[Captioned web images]
####################
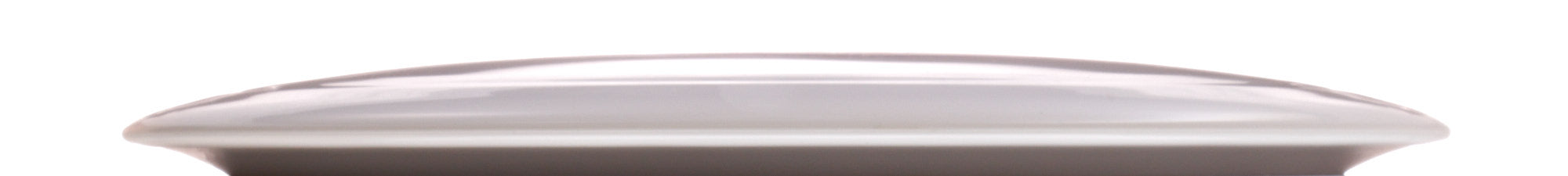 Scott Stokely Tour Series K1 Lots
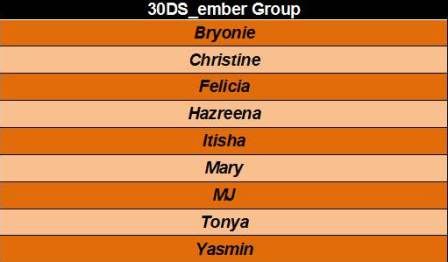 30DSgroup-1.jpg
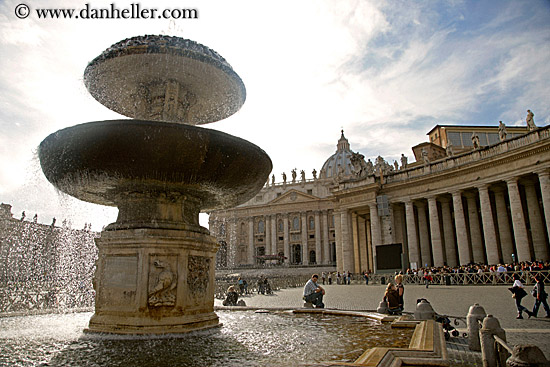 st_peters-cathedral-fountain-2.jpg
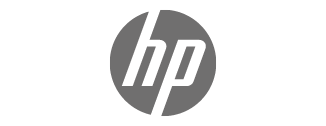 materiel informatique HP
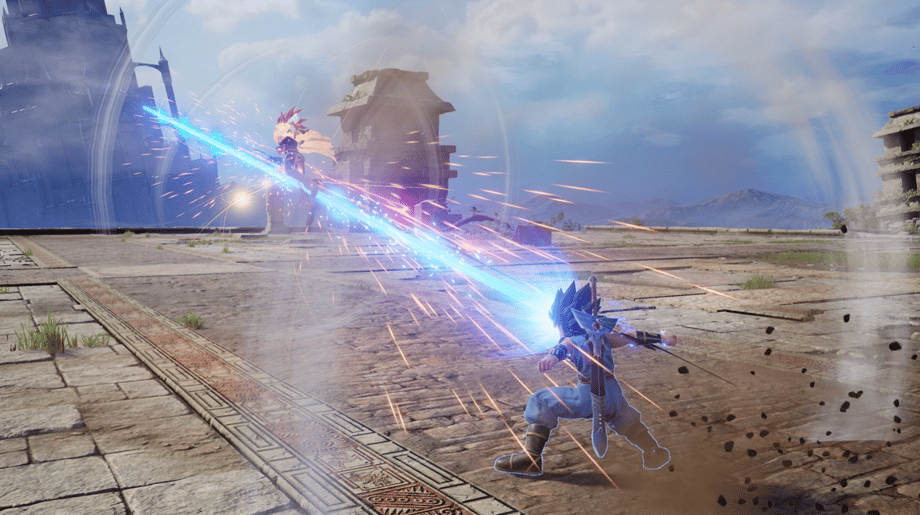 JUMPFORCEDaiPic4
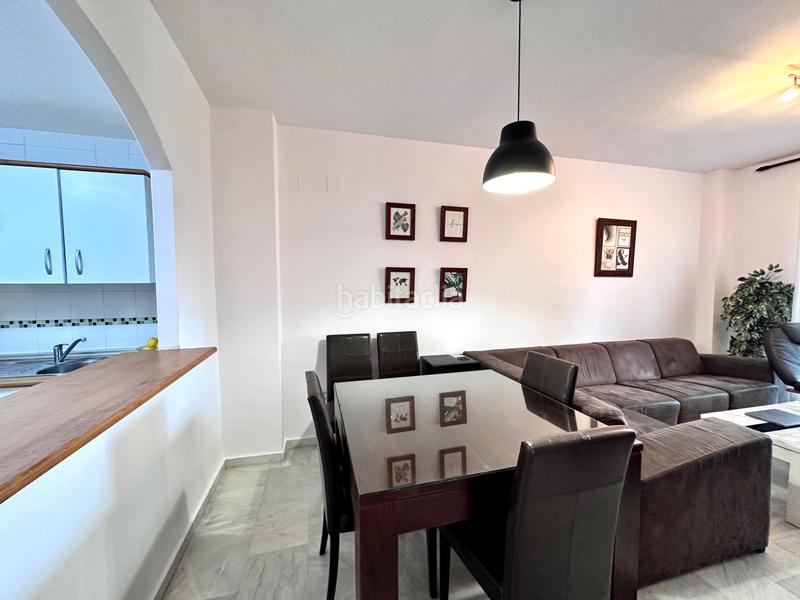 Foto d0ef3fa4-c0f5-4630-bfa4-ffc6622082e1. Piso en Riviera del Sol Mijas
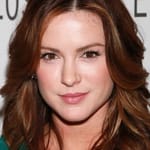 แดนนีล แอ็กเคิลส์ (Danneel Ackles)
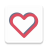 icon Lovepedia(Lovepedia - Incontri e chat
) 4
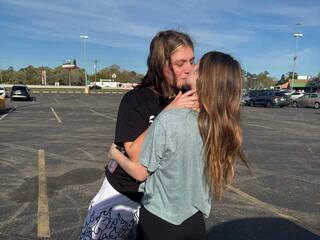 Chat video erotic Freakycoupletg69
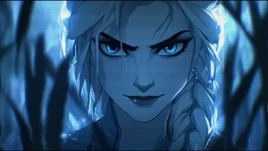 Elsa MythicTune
####################
• [Aim of the task] Please retype, exactly and only, the lines from the one holding "Foto d0ef3fa4-c0f5-4630-bfa4-ffc6622082e1. Piso" to the end of the entries, both ends included, without any pictures.

• [Answer area]
 Foto d0ef3fa4-c0f5-4630-bfa4-ffc6622082e1. Piso en Riviera del Sol Mijas
 แดนนีล แอ็กเคิลส์ (Danneel Ackles)
 icon Lovepedia(Lovepedia - Incontri e chat
) 4
 Chat video erotic Freakycoupletg69
 Elsa MythicTune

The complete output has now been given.